Work to complete.
If a line in the listing below contains "Road", return that line.
┄┄┄┄┄┄
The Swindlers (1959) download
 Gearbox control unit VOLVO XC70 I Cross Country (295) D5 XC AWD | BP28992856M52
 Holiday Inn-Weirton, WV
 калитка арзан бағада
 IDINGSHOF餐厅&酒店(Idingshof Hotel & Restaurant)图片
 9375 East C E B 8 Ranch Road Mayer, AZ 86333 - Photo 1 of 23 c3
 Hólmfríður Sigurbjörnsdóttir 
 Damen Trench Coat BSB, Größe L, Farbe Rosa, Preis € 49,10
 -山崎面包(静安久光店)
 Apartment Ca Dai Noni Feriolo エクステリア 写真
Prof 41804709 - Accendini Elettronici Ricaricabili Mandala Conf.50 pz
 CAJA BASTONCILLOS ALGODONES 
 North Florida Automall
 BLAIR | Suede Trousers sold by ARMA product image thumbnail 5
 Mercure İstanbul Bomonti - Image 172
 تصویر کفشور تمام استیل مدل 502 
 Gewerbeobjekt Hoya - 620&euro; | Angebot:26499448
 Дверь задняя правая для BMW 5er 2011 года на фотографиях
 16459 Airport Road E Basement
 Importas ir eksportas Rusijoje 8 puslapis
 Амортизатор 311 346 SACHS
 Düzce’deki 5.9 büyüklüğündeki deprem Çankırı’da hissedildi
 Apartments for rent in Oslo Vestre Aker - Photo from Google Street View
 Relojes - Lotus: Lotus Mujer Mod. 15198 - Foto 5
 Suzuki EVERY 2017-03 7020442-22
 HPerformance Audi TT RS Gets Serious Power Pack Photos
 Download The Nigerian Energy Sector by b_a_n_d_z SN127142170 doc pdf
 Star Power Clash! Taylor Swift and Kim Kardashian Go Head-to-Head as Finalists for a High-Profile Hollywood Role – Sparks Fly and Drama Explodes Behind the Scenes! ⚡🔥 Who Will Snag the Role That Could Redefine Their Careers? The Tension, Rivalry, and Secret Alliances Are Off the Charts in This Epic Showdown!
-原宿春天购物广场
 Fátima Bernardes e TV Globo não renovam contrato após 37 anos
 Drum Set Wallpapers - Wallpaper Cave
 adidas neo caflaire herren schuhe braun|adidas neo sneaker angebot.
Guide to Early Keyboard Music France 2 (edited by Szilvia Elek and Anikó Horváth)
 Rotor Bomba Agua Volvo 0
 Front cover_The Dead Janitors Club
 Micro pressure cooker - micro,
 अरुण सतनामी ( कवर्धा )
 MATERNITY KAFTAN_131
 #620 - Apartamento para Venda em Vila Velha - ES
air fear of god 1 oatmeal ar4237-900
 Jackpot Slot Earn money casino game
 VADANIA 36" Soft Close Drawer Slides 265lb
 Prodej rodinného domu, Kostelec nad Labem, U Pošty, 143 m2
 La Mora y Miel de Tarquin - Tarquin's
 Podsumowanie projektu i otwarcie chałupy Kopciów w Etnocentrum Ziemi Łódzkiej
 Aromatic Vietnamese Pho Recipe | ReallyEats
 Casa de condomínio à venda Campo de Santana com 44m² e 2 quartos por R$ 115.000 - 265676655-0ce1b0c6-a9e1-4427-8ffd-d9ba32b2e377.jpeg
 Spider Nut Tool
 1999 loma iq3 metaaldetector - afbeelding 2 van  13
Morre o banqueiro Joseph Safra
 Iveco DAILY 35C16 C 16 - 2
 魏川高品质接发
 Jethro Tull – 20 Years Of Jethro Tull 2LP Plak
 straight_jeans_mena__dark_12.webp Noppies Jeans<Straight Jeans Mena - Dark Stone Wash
┄┄┄┄┄┄
Exercise answer.
 9375 East C E B 8 Ranch Road Mayer, AZ 86333 - Photo 1 of 23 c3
 16459 Airport Road E Basement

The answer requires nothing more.